3. "I did as you suggested in our last session, doctor. I quit blogging." Miss Snark kicked off her stilettos to avoid gouging another hole in the couch.

"Good," Betelbaum said. "It's not easy to beat an addiction, but we'll get through it. It's just a matter of finding something as rewarding as blogging."

"I've tried, doctor. But I miss the nitwits, the burning hair . . . Now I spend all my time stomping stilettos into slush."

"Surely it's not that bad?"

"Worse. There's the not my genre pile, the must be copyedited pile, the interns will be amused pile, the Dog is that a dumb idea pile, the please don't send us anything ever again pile, the shred before reading pile, the minuscule font pile, the five page query pile, the no SASE pile, the it's another literary-fiction-sci fi-romance all in one pile, the 200,000 . . . "

The doctor's cellphone interrupted. He listened intently replying only yes and ending with a no. "An opportunity has come up," he said. "It could be just the thing."

"Clooney wants me?"

"Since you have so many piles, how would you like to be national spokesperson for Preparation H?"

--Dave


4. "I did as you suggested in our last session, doctor. I quit blogging." Miss Snark kicked off her stilettos to avoid gouging another hole in the couch.

"Good," Betelbaum said. "It's not easy to beat an addiction, but we'll get through it."

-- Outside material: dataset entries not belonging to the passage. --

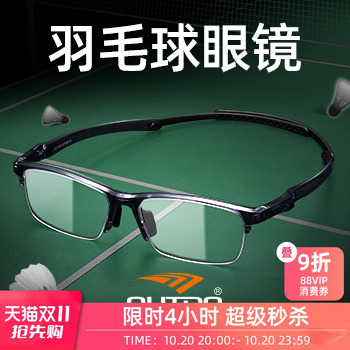 高特羽毛球专用近视运动眼镜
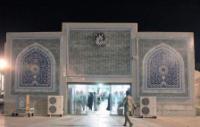 آغاز به کار نمایشگاه آستان مقدس حضرت معصومه(س)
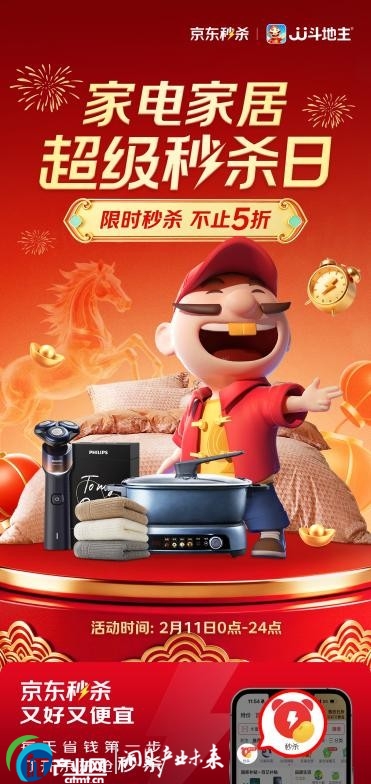 �ޕr�뚢��ֹ5�������|��늼Ҿӳ����뚢��2��11�ճ鸣��ٛ�öY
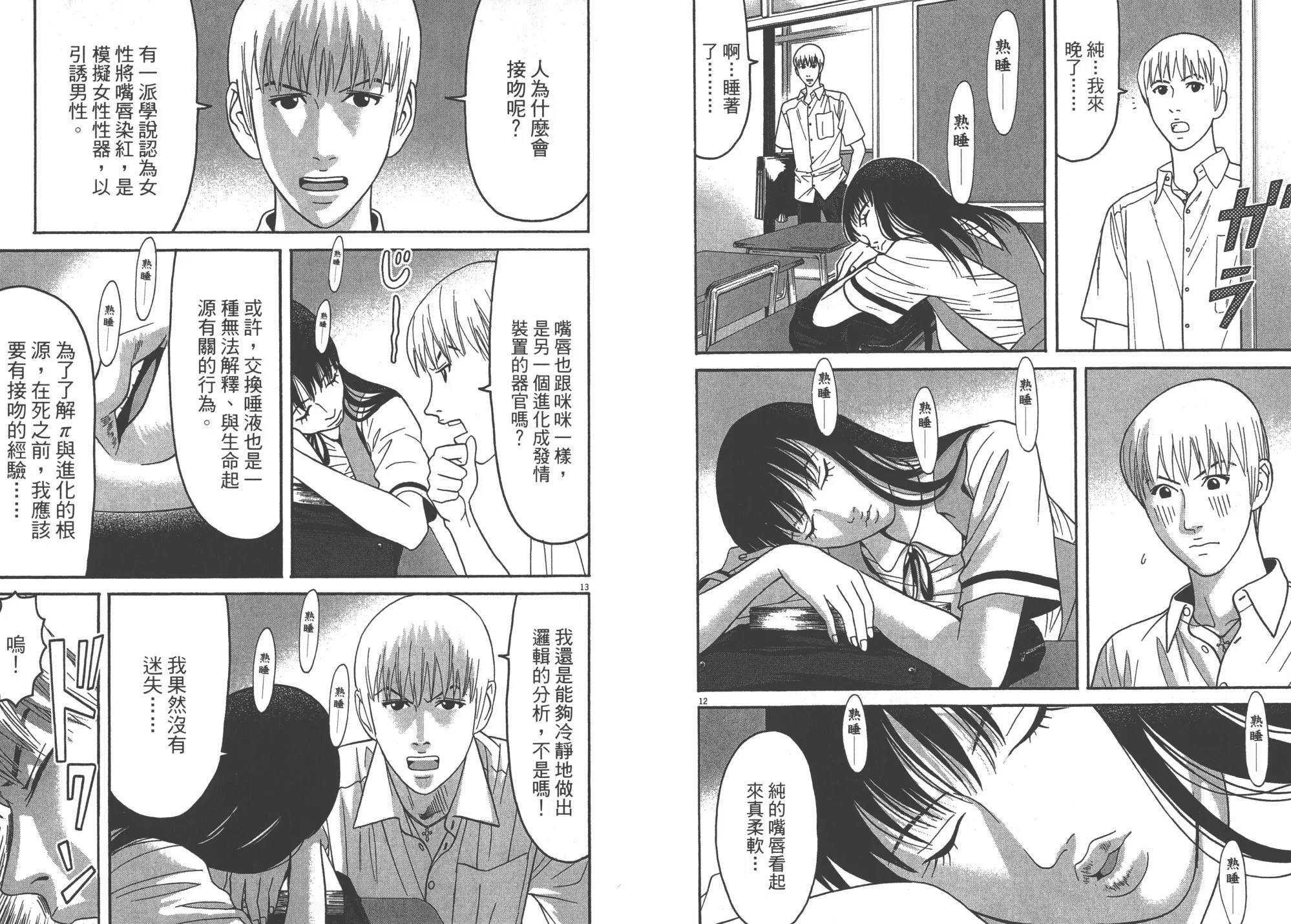 第07卷 第82页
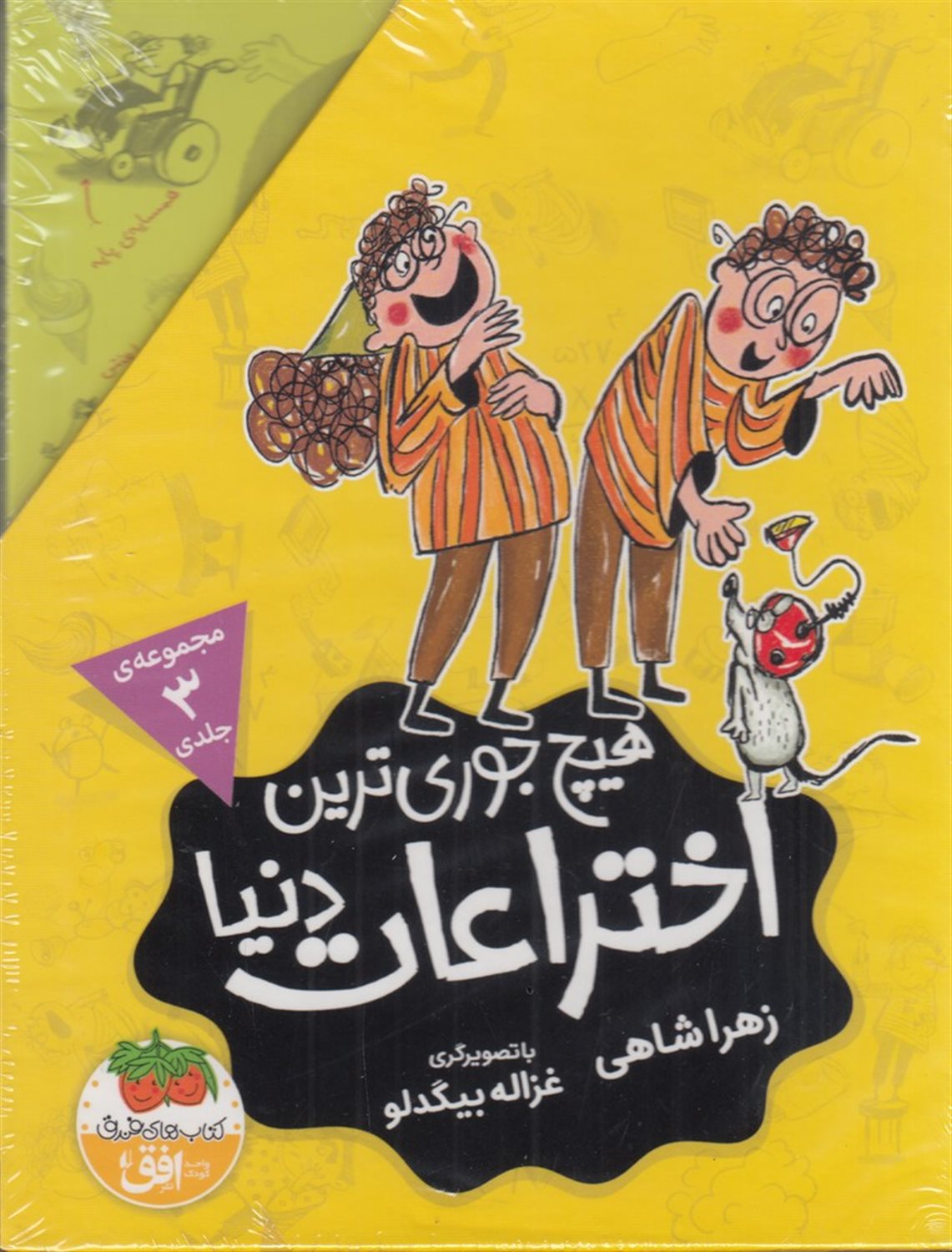 مجموعه هیچ جوری ترین اختراعات دنیا 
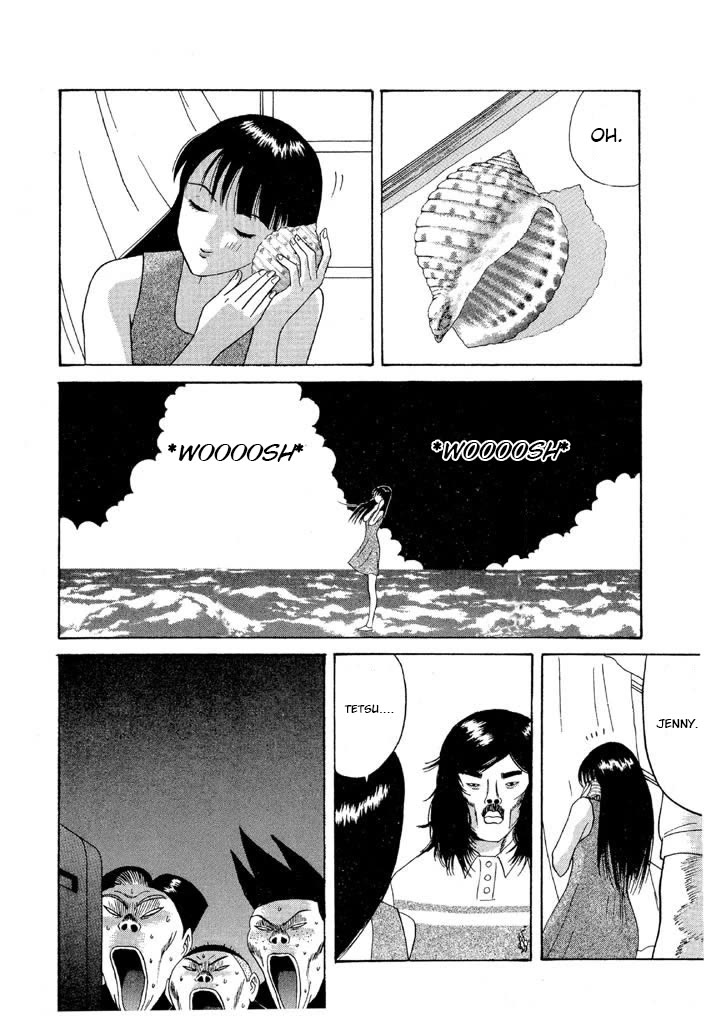 Ping Pong Club chapter 94 page 11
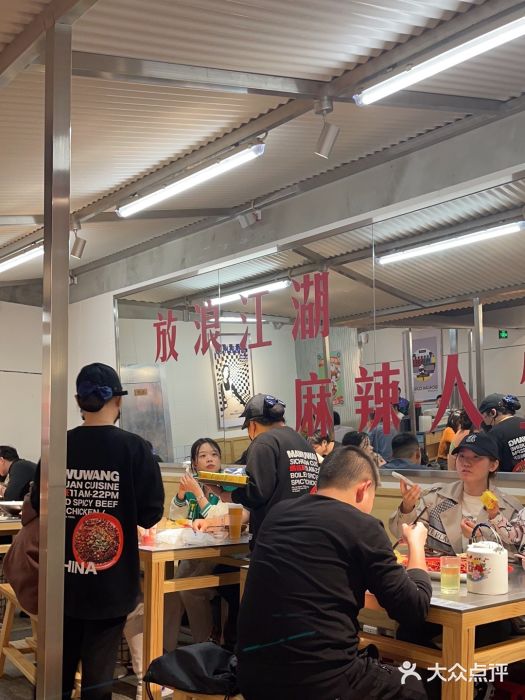 馬伍旺川菜(金象城店)图片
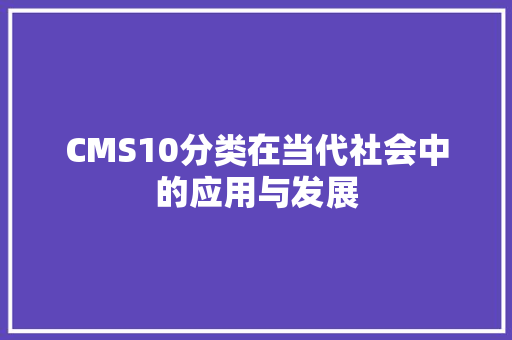 CMS10分类在当代社会中的应用与发展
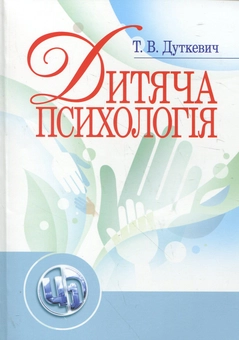 Бумажная книга «Дитяча психологія», автор Татьяна Дуткевич - фото №2 - миниатюра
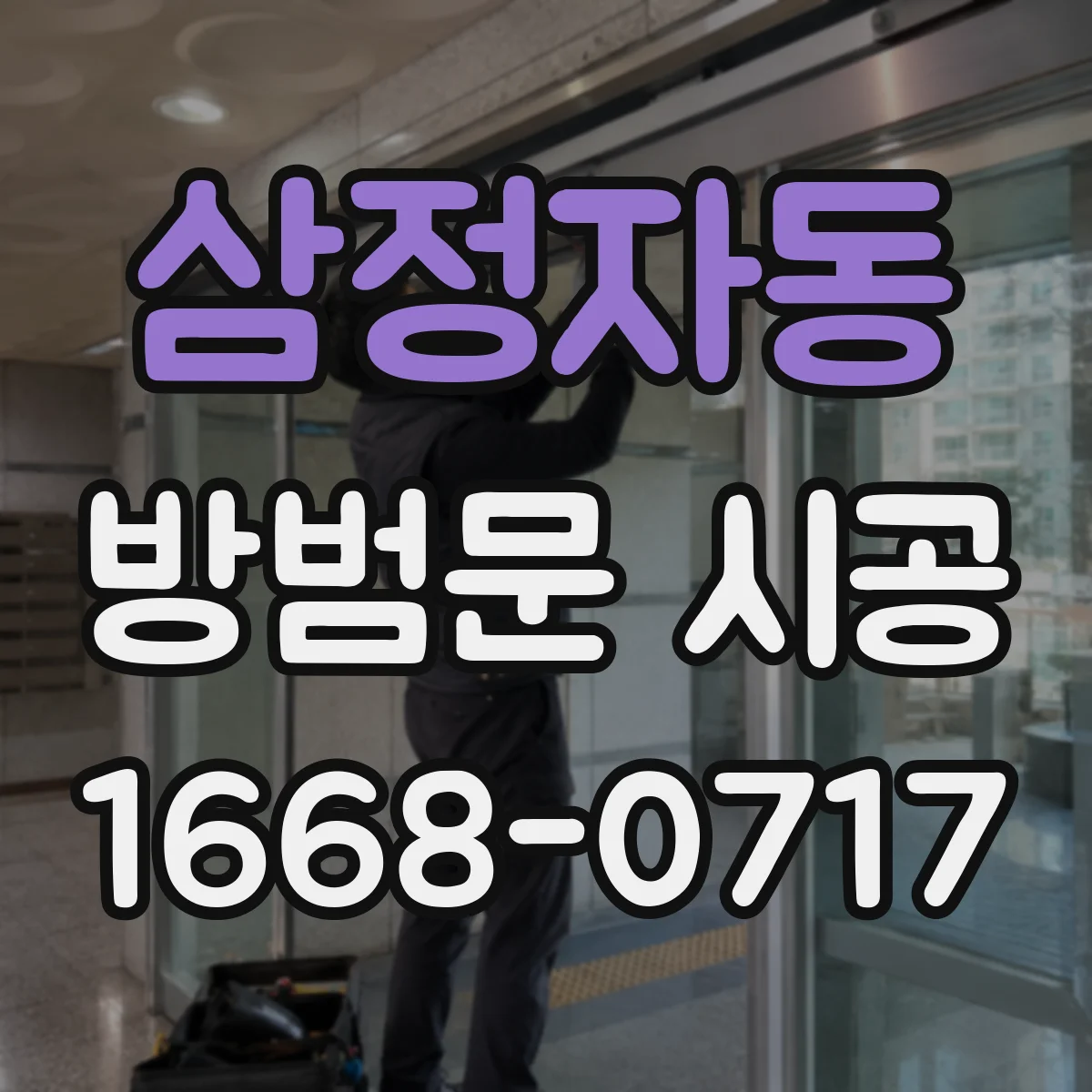 삼정자동 방범문 시공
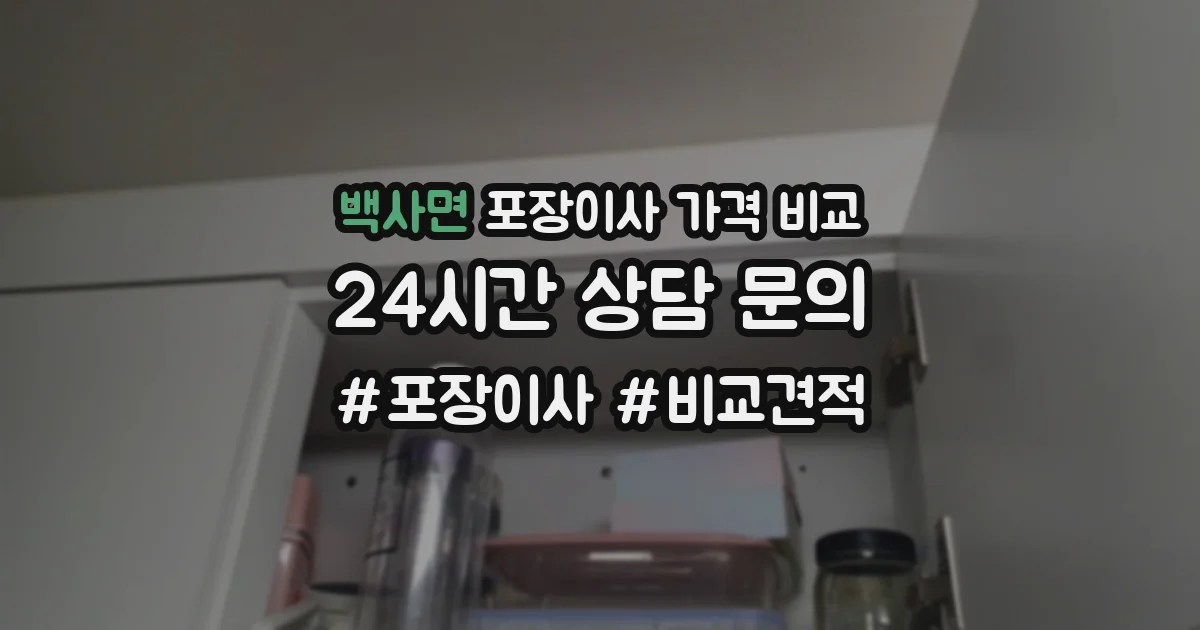 백사면 포장이사 가격 비교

"I still don't see," Miss Snark said, "how more sessions is going to help me kick my psychoanalysis addiction."

"Now, now, don't worry about that. Let's work on the gin pail next."

"My gin pail? You can't take that away from me. That's almost as sacred as my affection for George Clooney."

"Yes, I know, but it has to go so you'll have more time for me," Betelbaum said. "Besides, George pays no attention to you, so why obsess about him when I'm available?"

Miss Snark's eyes opened wide. "Why . . . you're a nitwit!" She reached for her purse.

Betelbaum paled as the business end of a cluegun emerged and pointed in his direction. "Well, maybe it's all right to obsess so long as you--"

Smiling, Miss Snark stepped over Beterbaum's clueless body to make her way out of his office. The police wouldn't know who'd done the deed--clueguns didn't have to be registered.

--Dave Kuzminski


5. "I did as you suggested in our last session, doctor. I quit blogging." Miss Snark kicked off her stilettos to avoid gouging another hole in the couch.

"Good," Betelbaum said. "It's not easy to beat an addiction, but we'll get through it."

"But Dr. Betelbaum, something doesn't feel right. I don't feel . . . discrete. It's as though I'm losing my sense of self." She glanced nervously at an old painting of New York City on the wall.

"That's normal. You see, Miss Snark, you are a fiction. A composite of the ordinary and the spectacular from the life of another, with a dose of the unreal. The feeling of addiction that you have felt was the projection of another. Being cut loose, you begin to exist only in memories, which are unreliable."

Miss Snark reached down and picked up Killer Yapp. As she stroked his head, her hand reached deep into his fur -- too deep, seeming to pass through his skin. "I'm afraid."

"Don't be. It's part of the natural order. We grow, we change, and parts of us are lost in the process." He pushed a plate of toffee toward her, but she refused. "Even as you pass on, just picture all of the lives that you touched. Will that let you smile on your way out?"

Miss Snark stared at her hands, slowly passing them through one another. Little sparkles of light flitted about inside like faeries. She forced a smile. "Yes. Thank you, Dr. Betelbaum." She rose, drifted over to the painting with Yapp in her arms, and faded out through its cracked surface.

"It was my pleasure," he whispered at the wall. He checked his watch, smiled, and faded into his chair.